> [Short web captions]
= = = = = = =

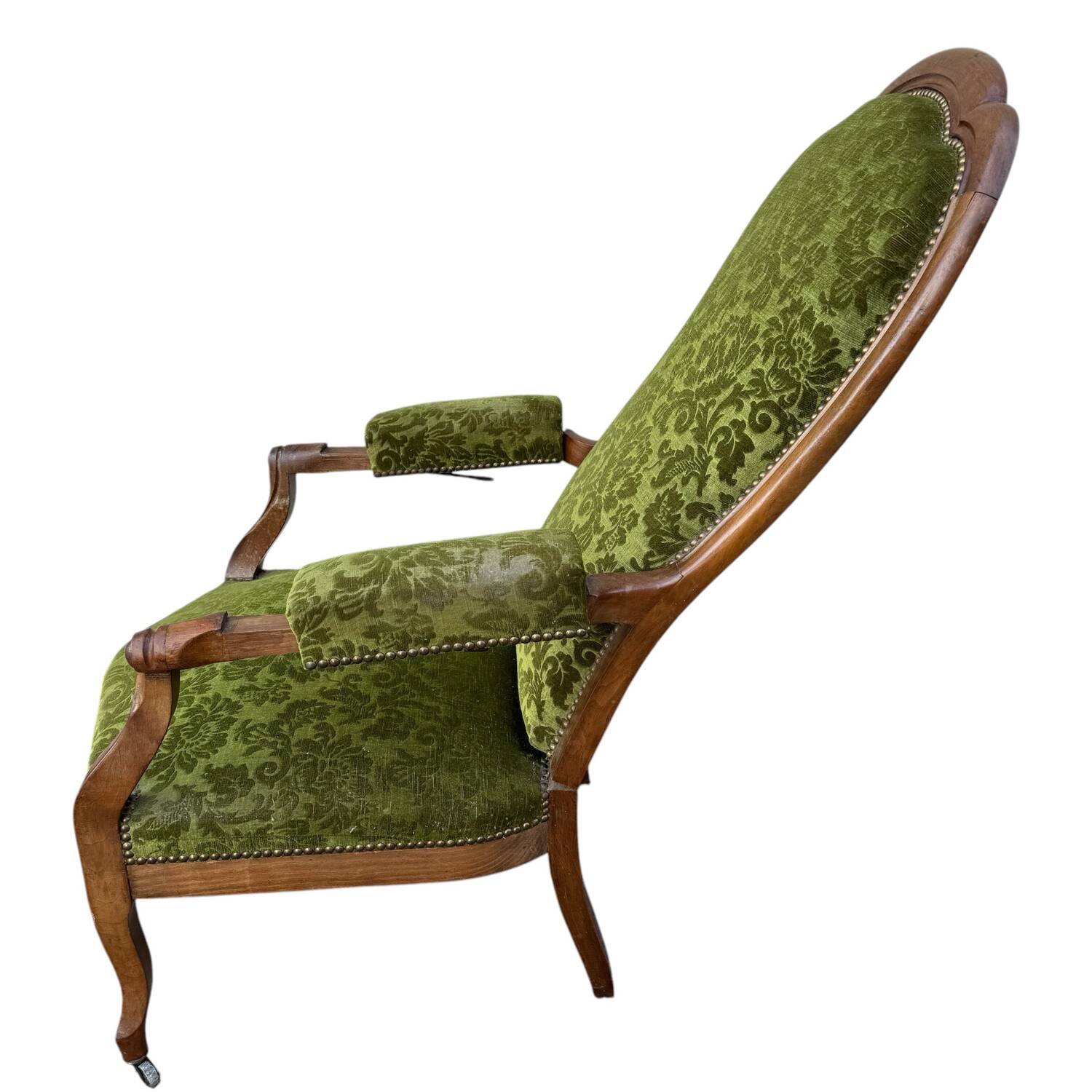 19's voltaire rack and pinion armchair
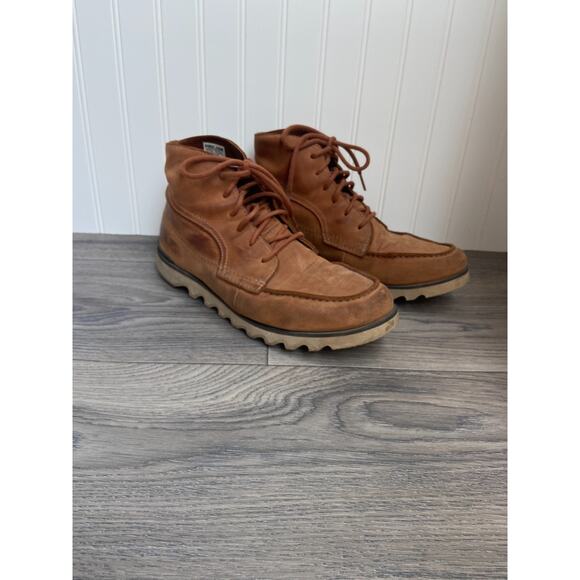 Sorel Kezar Moc Toe Boots Men’s 11 Brown Leather Lace Up Ankle Outdoor Comfort - Picture 2 of 7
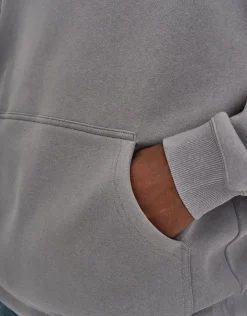 Vanguard Oversized Hoodie in Alloy Grey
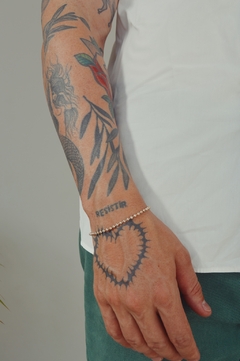 colar circulo duplo
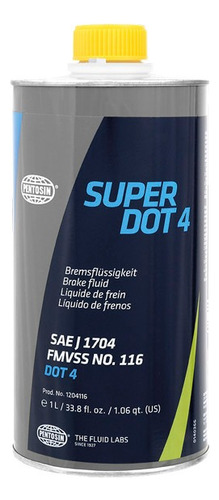 Liquido Frenos Pentosin Super Dot4 Aleman Audi Vw Mini Bmw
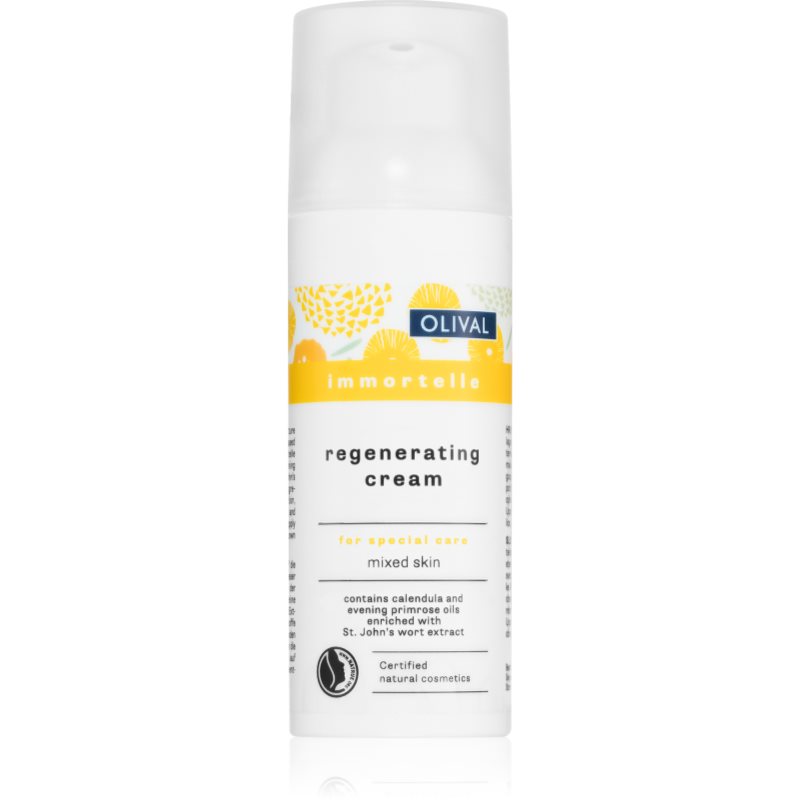 Olival Immortelle Regenerating Cream регенериращ крем за смесена и мазна кожа 50 мл.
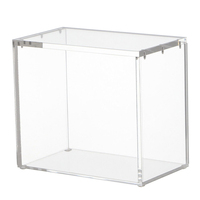 Vitrine d'exposition moderne en acrylique épais ETB Elite, boîte transparente magnétique, bords découpés au laser de précision, durable et de qualité supérieure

= = = = = = =

> [WHAT IS BEING ASKED] Copy the data exactly. Any picture it contains is to be omitted.

> [OUTPUT FOR THIS EXERCISE]
 19's voltaire rack and pinion armchair
 Sorel Kezar Moc Toe Boots Men’s 11 Brown Leather Lace Up Ankle Outdoor Comfort - Picture 2 of 7
 Vanguard Oversized Hoodie in Alloy Grey
 colar circulo duplo
 Liquido Frenos Pentosin Super Dot4 Aleman Audi Vw Mini Bmw
 Olival Immortelle Regenerating Cream регенериращ крем за смесена и мазна кожа 50 мл.
 Vitrine d'exposition moderne en acrylique épais ETB Elite, boîte transparente magnétique, bords découpés au laser de précision, durable et de qualité supérieure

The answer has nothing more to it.